> _Task brief_:
Restate exactly the lines below, from the one containing "istock Ruins in" through the final line, and leave out the pictures.

· · · · · · ·

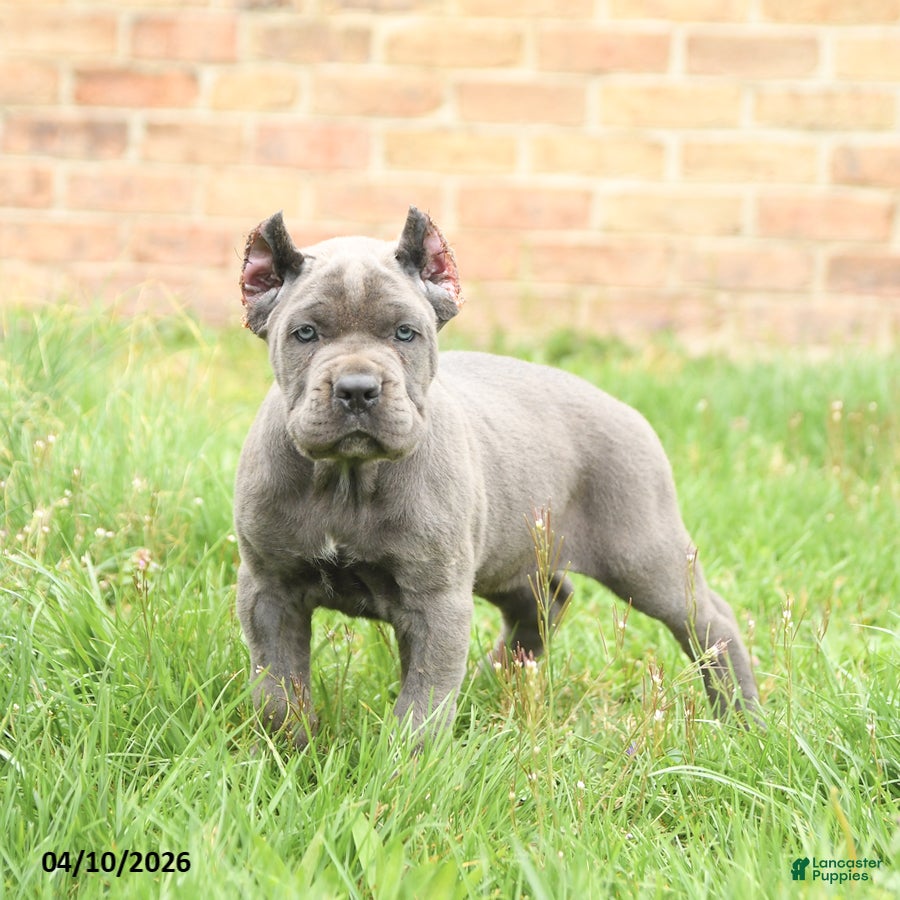 Cane Corso dogs Chiffon - Ad 1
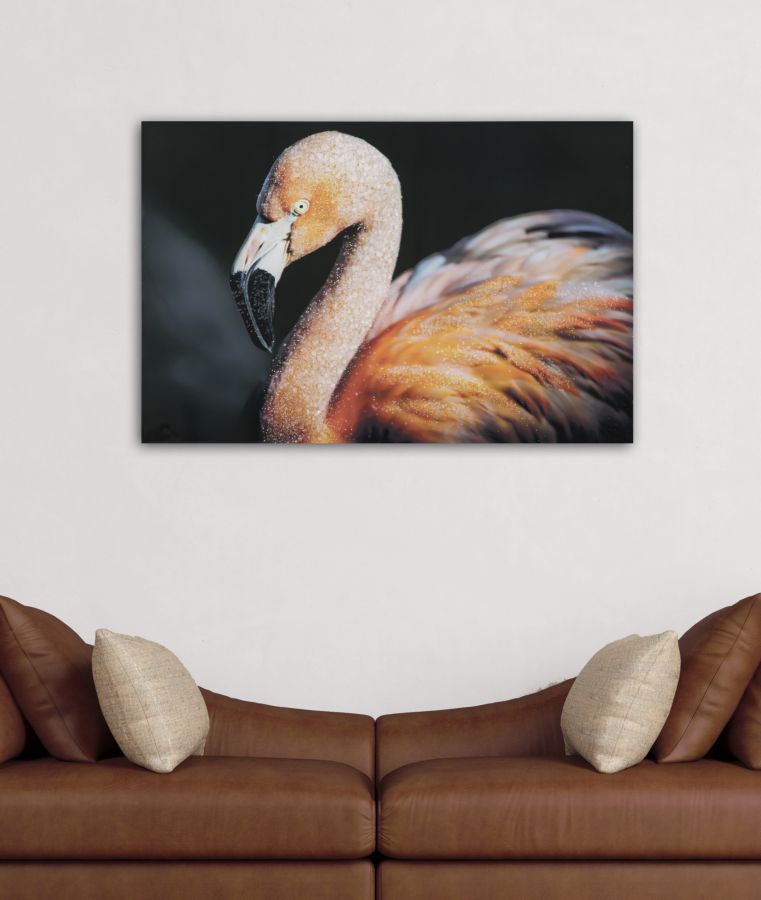 Paveikslas drobė spausdinta Flamingo 120x3.8x80 cm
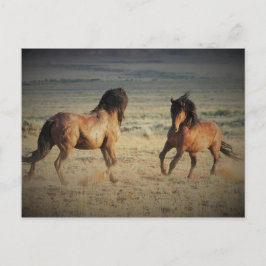 McCullough Peaks Wild Horses Briefkaart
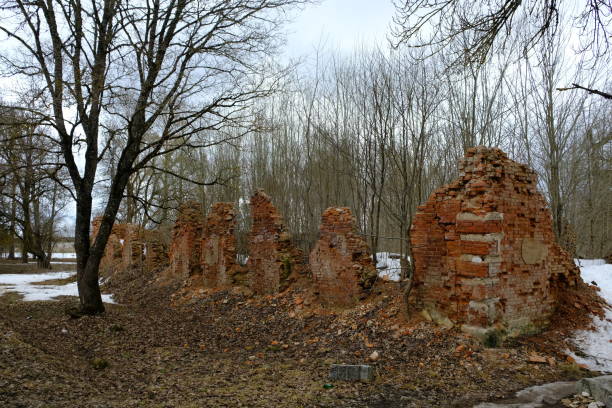 istock Ruins in the Palace and Park Ensemble 1446438506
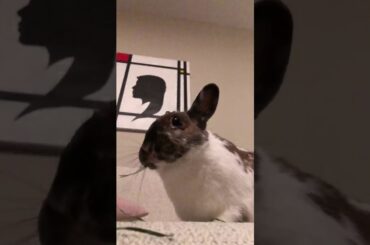 Gingerbread in the Matrix: Slow motion bunny nibbling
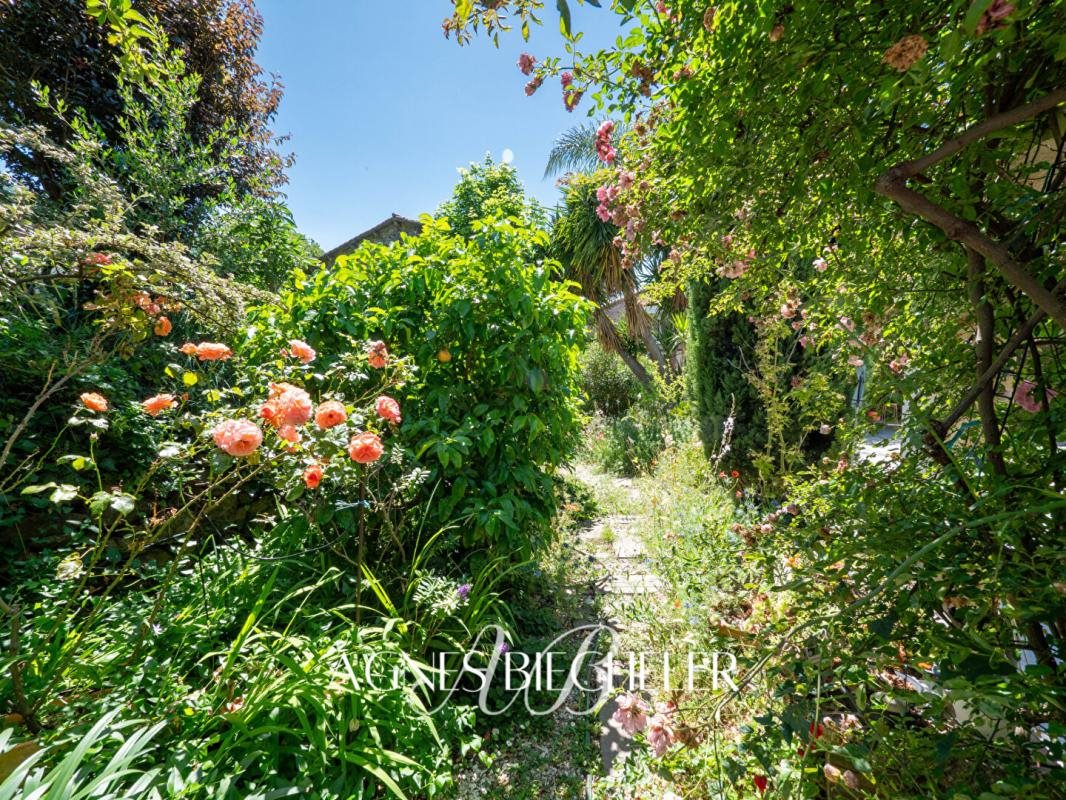 Maison à vendre, 270m², Montesquieu-des-Albères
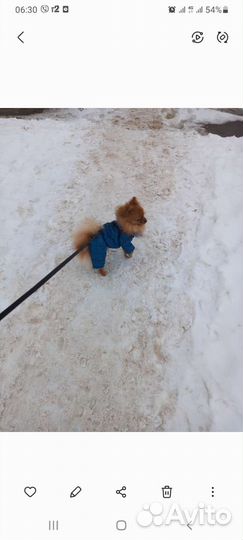 Зимний комбинезон для собак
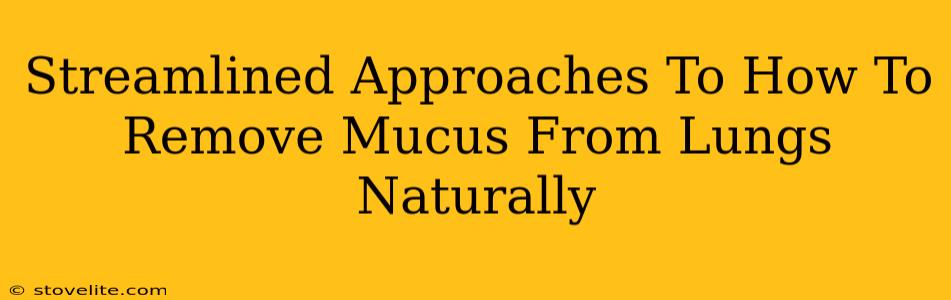 Streamlined Approaches To How To Remove Mucus From Lungs Naturally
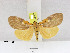  ( - ZWIER DNA 1093)  @11 [ ] Copyright (2010) Jaap Zwier Research Collection of Jaap Zwier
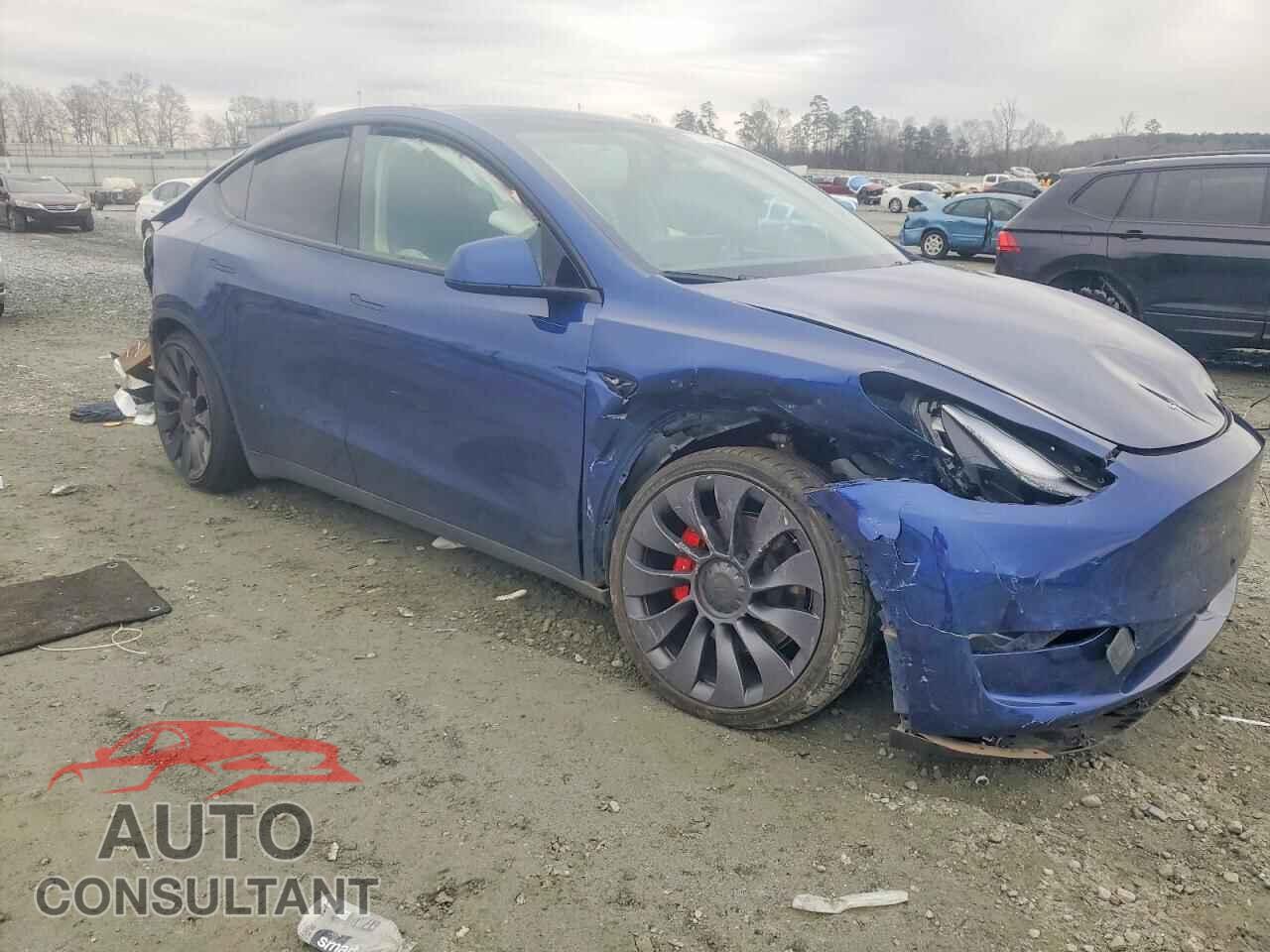 TESLA MODEL Y 2024 - 7SAYGDEF5RF058982
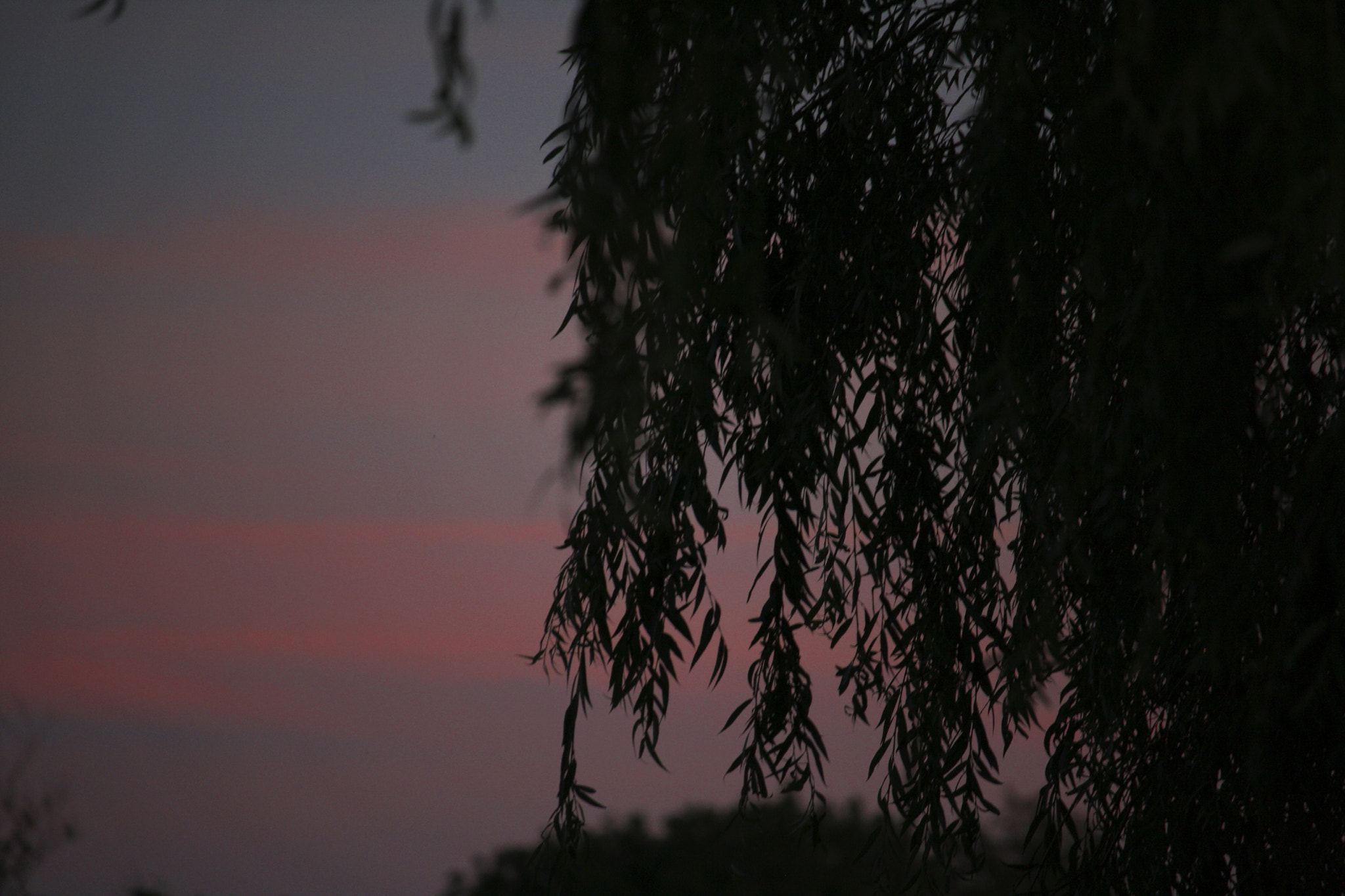 Canon EOS 1000D (EOS Digital Rebel XS / EOS Kiss F) + Canon EF-S 55-250mm F4-5.6 IS STM sample photo. Sunset photography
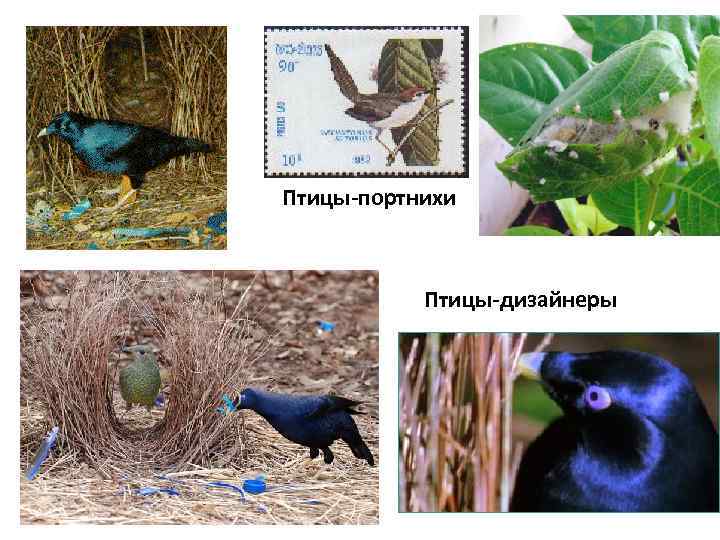 Птицы-портнихи Птицы-дизайнеры 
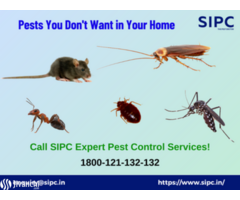 Pest Control Services in Mumbai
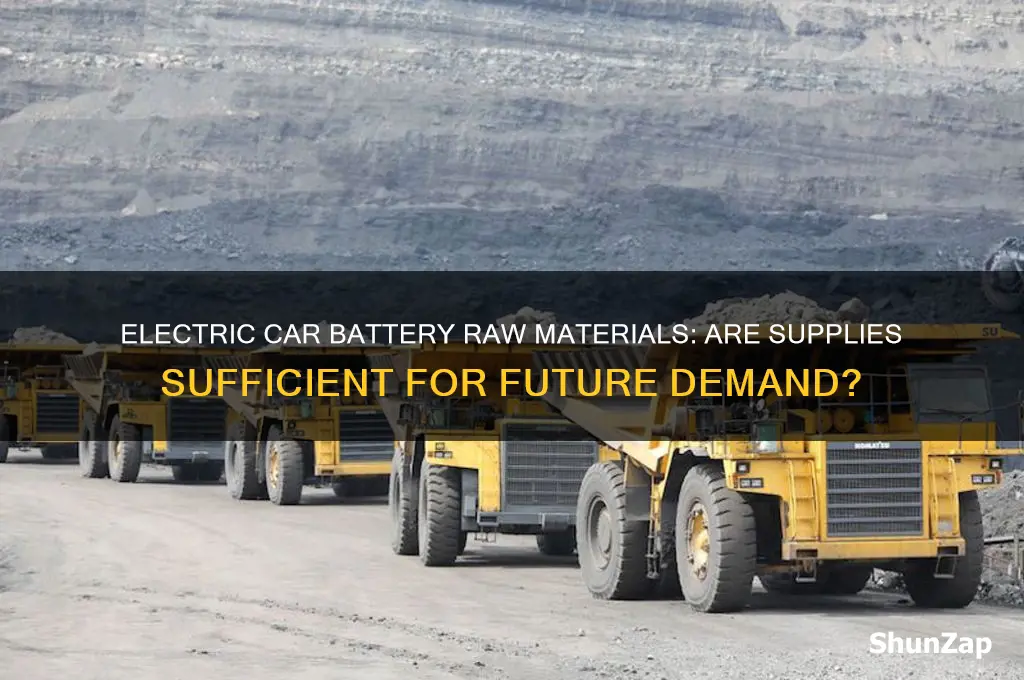 is there enough raw material for electric car batteries
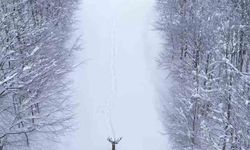 Karların arasında süzülen kızıl geyik havadan görüntülendi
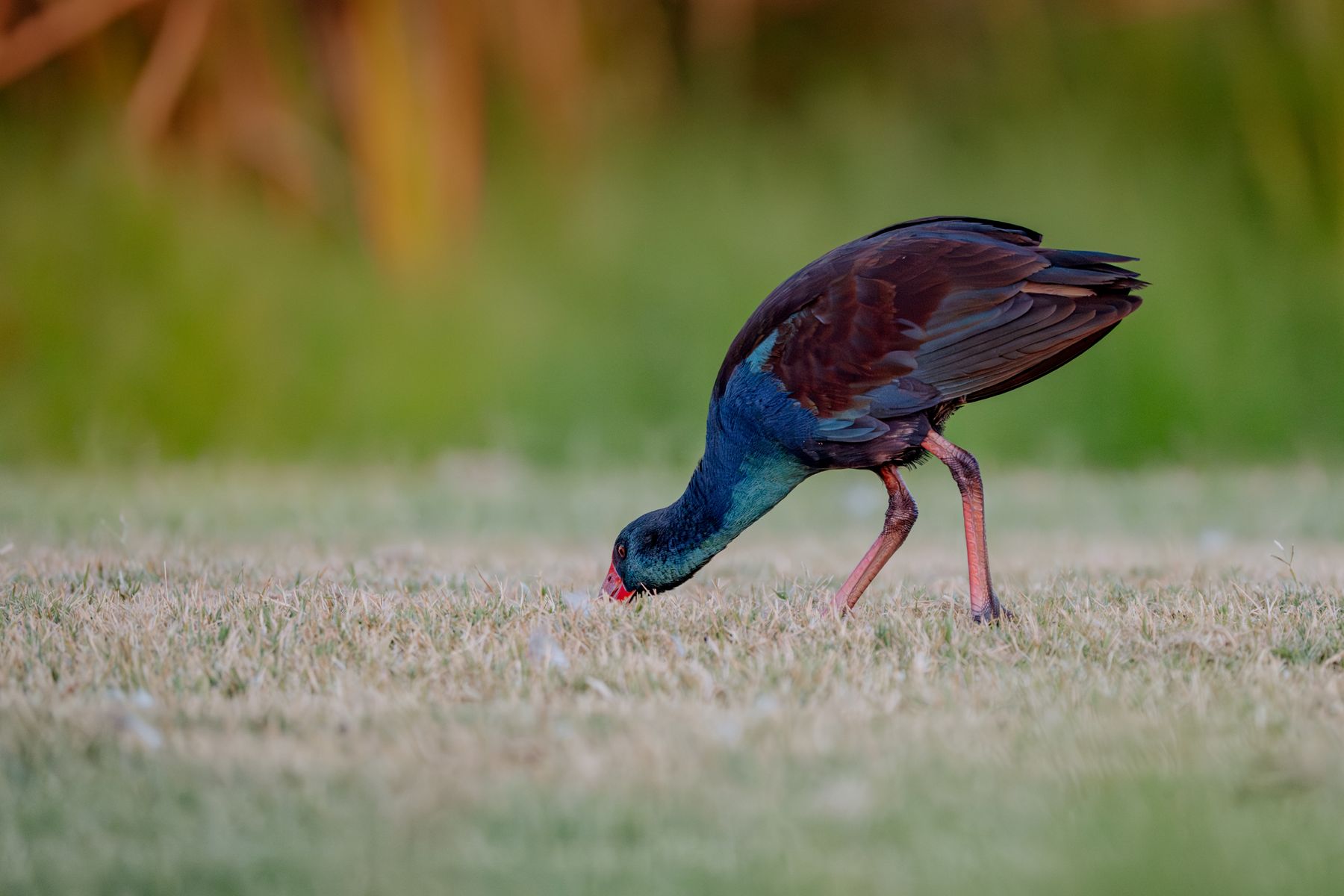 Swamphen Foraging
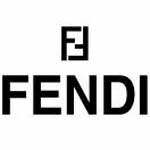 Fendi Bags Image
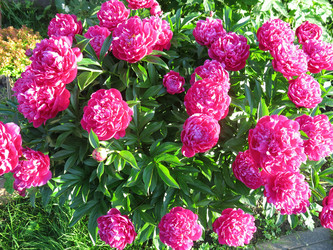 Similar image 21212781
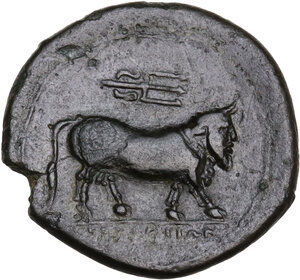 reverse: Central and Southern Campania, Neapolis. AE 21mm. c. 300-275 BC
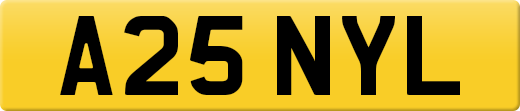 A25NYL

· · · · · · ·

> _Exercise response_:
 istock Ruins in the Palace and Park Ensemble 1446438506
 Gingerbread in the Matrix: Slow motion bunny nibbling
 Maison à vendre, 270m², Montesquieu-des-Albères
 Зимний комбинезон для собак
 Streamlined Approaches To How To Remove Mucus From Lungs Naturally
  ( - ZWIER DNA 1093)  @11 [ ] Copyright (2010) Jaap Zwier Research Collection of Jaap Zwier
 TESLA MODEL Y 2024 - 7SAYGDEF5RF058982
 Canon EOS 1000D (EOS Digital Rebel XS / EOS Kiss F) + Canon EF-S 55-250mm F4-5.6 IS STM sample photo. Sunset photography
 Птицы-портнихи Птицы-дизайнеры 
 Pest Control Services in Mumbai
 is there enough raw material for electric car batteries
 Karların arasında süzülen kızıl geyik havadan görüntülendi
 Swamphen Foraging
 Fendi Bags Image
 Similar image 21212781
 reverse: Central and Southern Campania, Neapolis. AE 21mm. c. 300-275 BC
 A25NYL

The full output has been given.